MobileRead Forums - View Single Post - k2pdfopt: optimizes PDFs for viewing on e-readers

willus · 08-17-2013, 09:25 PM

Quote:

Originally Posted by MaxStirner

Sorry to bother you again Wilus but maybe you remeber my question about multilanguage support. Yesterday I was perusing through Tesserract google group without any speciffic reason and suddenly stumbled accross this post
https://groups.google.com/forum/#!ms...I/QMMHDV_GWRIJ
Don't know if this is of any help to you but just in case..
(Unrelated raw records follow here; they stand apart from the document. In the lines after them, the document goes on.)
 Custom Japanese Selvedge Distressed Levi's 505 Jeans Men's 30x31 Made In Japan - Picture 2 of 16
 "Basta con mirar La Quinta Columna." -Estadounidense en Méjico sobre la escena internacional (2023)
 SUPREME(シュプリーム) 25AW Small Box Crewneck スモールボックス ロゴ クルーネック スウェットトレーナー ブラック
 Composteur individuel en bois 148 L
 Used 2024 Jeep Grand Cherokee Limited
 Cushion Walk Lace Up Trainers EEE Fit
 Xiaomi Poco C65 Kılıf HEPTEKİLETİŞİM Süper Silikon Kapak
Tesseract's dual language OCR actually seems to work in k2pdfopt v1.66, though not very well at all in my test case, where I mixed English and Chinese. I used this command:

k2pdfopt -ocr dual_english_chinese.pdf -mode copy -ocrlang language

where I substituted different values for language: eng, chi_tra, chi_tra+eng, and eng+chi_tra. See the attached files. The best results, by far, were using only chi_tra alone, which sort of defeats the purpose of dual language OCR(!), but each result was different, so I am assuming that the actual mechanism of passing lang1+lang2 to Tesseract is working and that this was just a particularly poor case for Tesseract. Maybe mixed European languages will work better?